Monday, November 06, 2006

A Better Basketball?

In the November 4, 2006 Science News Online article “Dribble Quibble: Experiments find that new basketball gets slick” (found at: http://www.sciencenews.org/articles/20061104/fob4.asp), Peter Weiss reported that the new standardized plastic basketballs used by the NBA do not exceed the former leather basketballs used.

This summer, the National Basketball Association, or NBA, introduced a newly designed plastic basketball from the sporting goods brand Spalding. For the past 35 years, Spalding provided the NBA with the former standard leather-covered basketball. Since the introduction of the new basketball, many NBA players have complained of the poorer performance level from the balls. Physicists at the University of Texas at Arlington, led by James L. Horwitz, performed various tests on the new plastic basketballs and old leather basketballs to compare the two materials. Horwitz and his colleagues slid the basketballs on silicon sheets, which mimic the friction coefficient of a human hand. Dry plastic basketballs traveled much less than the dry leather basketballs, yet when the balls were made damp to imitate sweat, the friction coefficient of the leather balls increased and the coefficient of the plastic balls were cut in half. Thus, the new plastic basketballs become increasingly slick, less elastic, and more uncontrollable.

Clarification of results may drive researchers in the search for truth. Spalding’s own research during the development of the new plastic basketballs found that the friction coefficient of the new balls outranked that of the leather balls. Conflict arose when NBA players started to complain of the new basketballs. Mark Cuban, owner of the NBA’s Dallas Mavericks, covered the costs for the University of Texas in order for Horwitz and other physicists to conduct their research. Thus, motivations of the scientists may not stem purely from curiosity, but from necessity and responsibility. Though initial results have already been submitted to Cuban and the NBA, Horwitz and his team continues to conduct research on the basketballs, including air tunnel tests, though Cuban or the NBA plan to change the balls. Here, more unabated curiosity of the scientists seems to play a part, as the researchers are no longer getting compensated for their studies.

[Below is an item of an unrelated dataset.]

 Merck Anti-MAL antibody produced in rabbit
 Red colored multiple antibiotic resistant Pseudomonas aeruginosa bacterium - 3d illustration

Though the debate over which type of basketball is better may not apply widely to the general public, it does provide a unique concern that may indirectly affect the sports world and fans of the NBA. The evidence against plastic balls now exists, and though nothing is being done to change the standards of basketballs on the professional level, any future complaints surrounding the gear of the game may take longer to process. In terms of scientists, it is interesting that tests performed on the same ball ended with different outcomes, as shown by the mixed results from Spalding and the University of Texas. Though such research may not be pragmatic to humankind overall, at least private corporations are funding this type of research, not the university itself. The continued work of Horwitz should reveal interesting ideas about basketballs, but its usefulness may be in question.